2017 Workshop: High Latitude System Frontiers

The magnetosphere, ionosphere, and thermosphere act as a coherently integrated system to solar drivers. This ‘system science’ approach is well recognized as the path forward for advancing space weather predictive capabilities as embraced by the CEDAR Strategic Plan, the NRC Decadal Survey, and, most recently, the OSTP Space Weather Action Plan. Nowhere is this systems approach more necessary than at high geomagnetic latitudes, where solar wind power dissipates within the geospace system through a cascade of ineracting processes, with physical scales ranging from 1000’s of kilometers (e.g., global convection, region 1 and 2 currents) to 10’s of meters (e.g., dispersive Alfven waves, plasma instabilities).

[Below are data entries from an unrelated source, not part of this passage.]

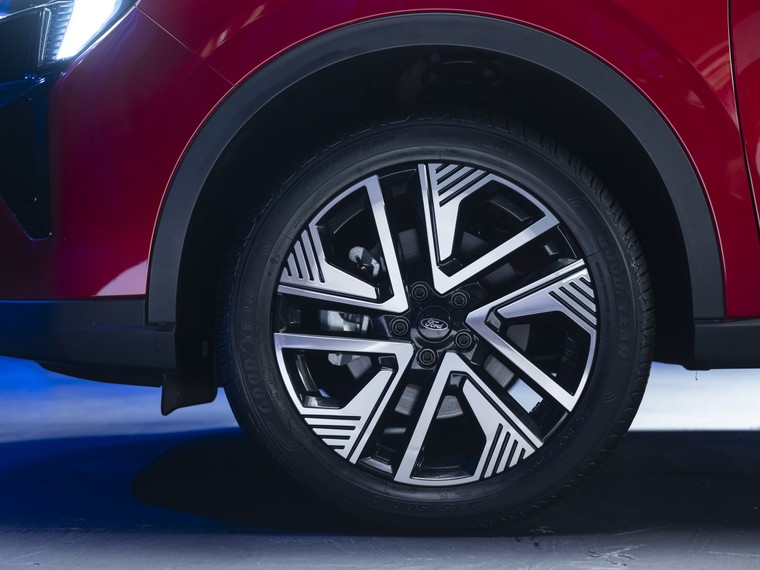 Ford Việt Nam Ra Mắt Territory Platinum, Nâng Tầm Tiện Nghi, Đi Tới Trải Nghiệm Mới ảnh 2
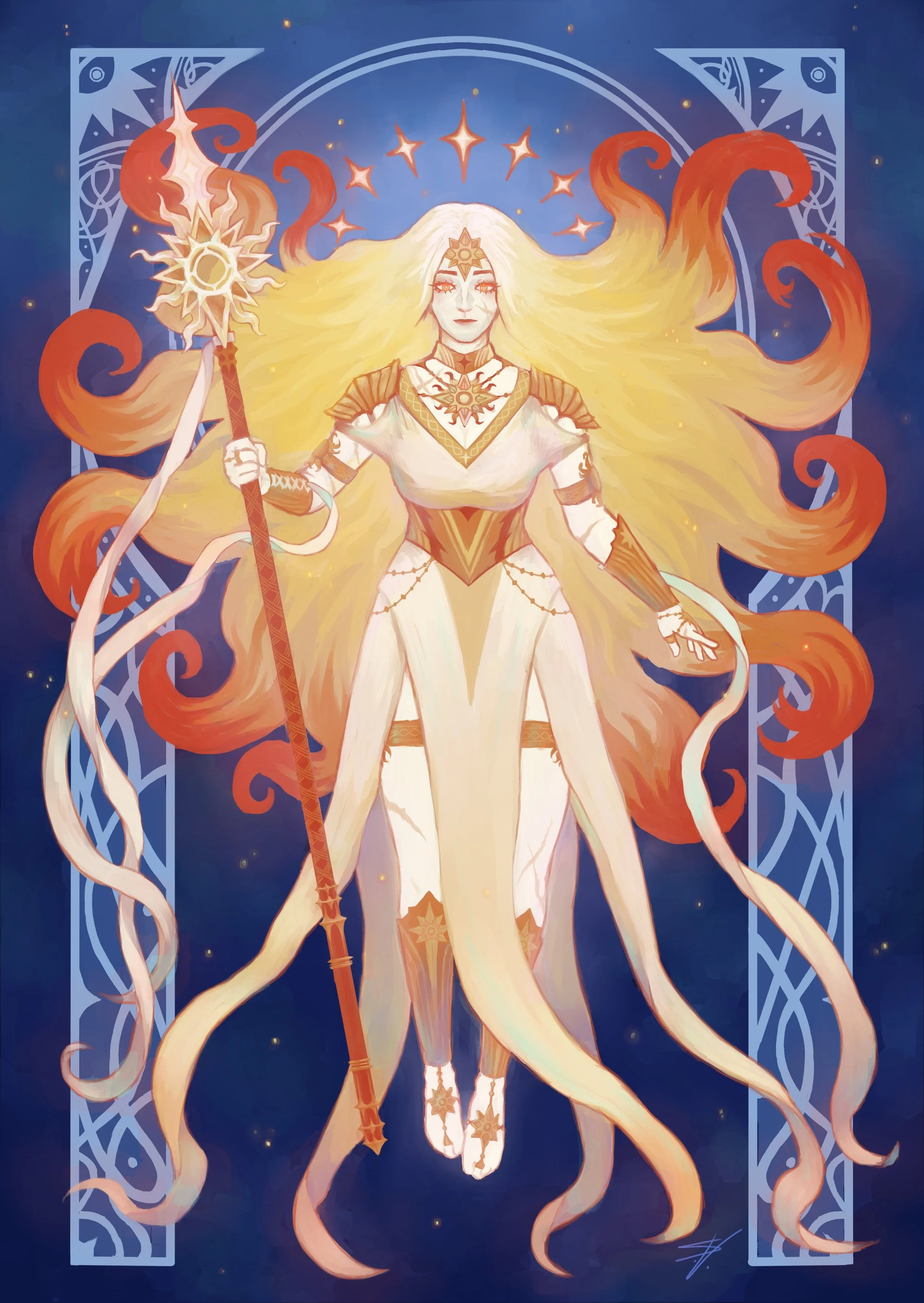 The Sun Mother.jfif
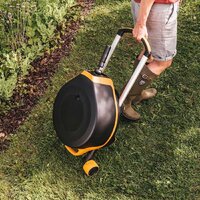 Тележка со шлангом Fiskars 1067548 (1/2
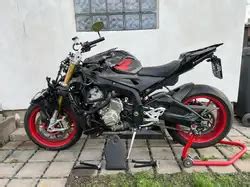 Bmw S R Naked Bike Gebraucht Kaufen Autoscout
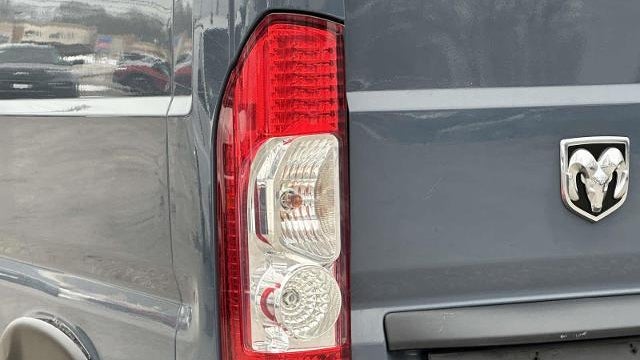 2019 Ram ProMaster 2500 159 WB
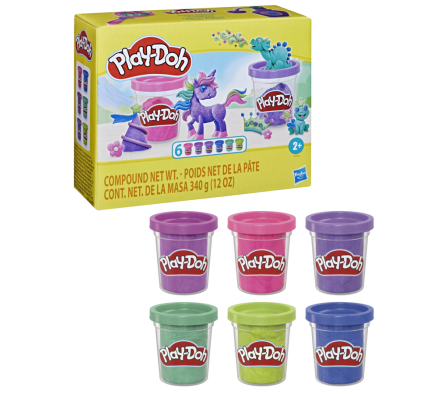 PD SPARKLE COLLECTION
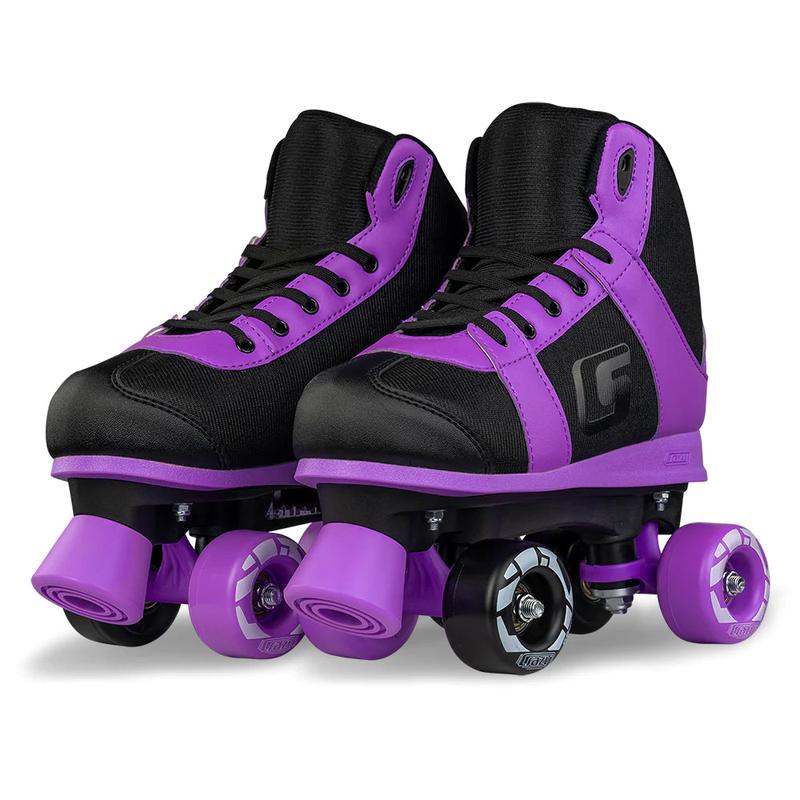 Kids roller skates by crazy skates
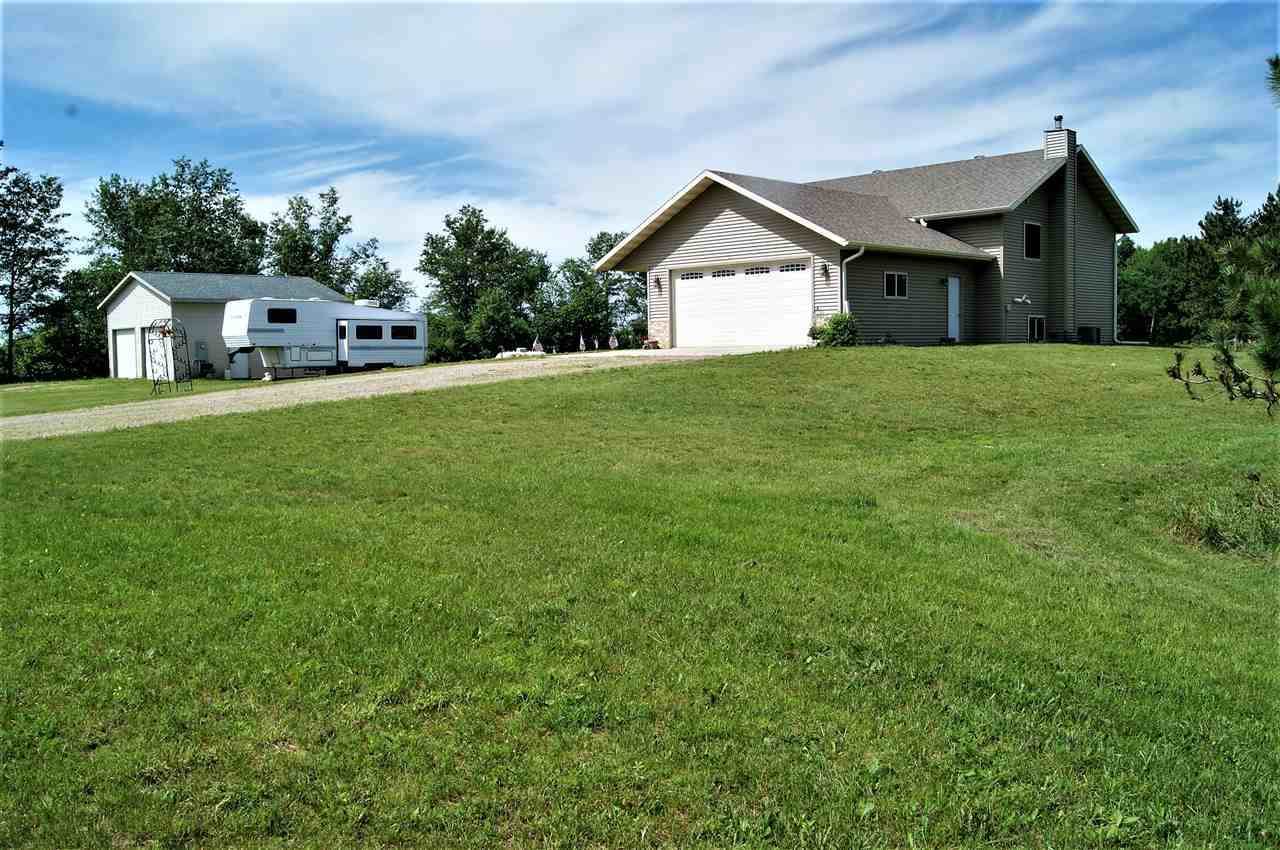 125 5th Avenue, Bancroft, WI 54921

Recent years have witnessed a rapid expansion of networked instrumentation deployed to the geomagnetic polar regions. These observations are supported by increasingly sophisticated models and conjugate observations from orbital platforms (ePOP, SWARM, DMSP, Cubesats). Efforts to reconcile ground- and space-based perspectives have called into question our understanding of four key areas: (1) electromagnetic energy input and transfer in the geomagnetic polar regions, (2) sources and impacts of instabilities and turbulence on the high-latitude I-T system, (3) affects of extreme gradients on electrodynamic coupling with the polar magnetosphere, and (4) sources and mechanisms of high-latitude plasma escape. The purpose of this grand-challenge workshop is to provide a forum for the community of investigators addressing these and related processes in Earth’s open geomagnetic field region from disparate perspectives.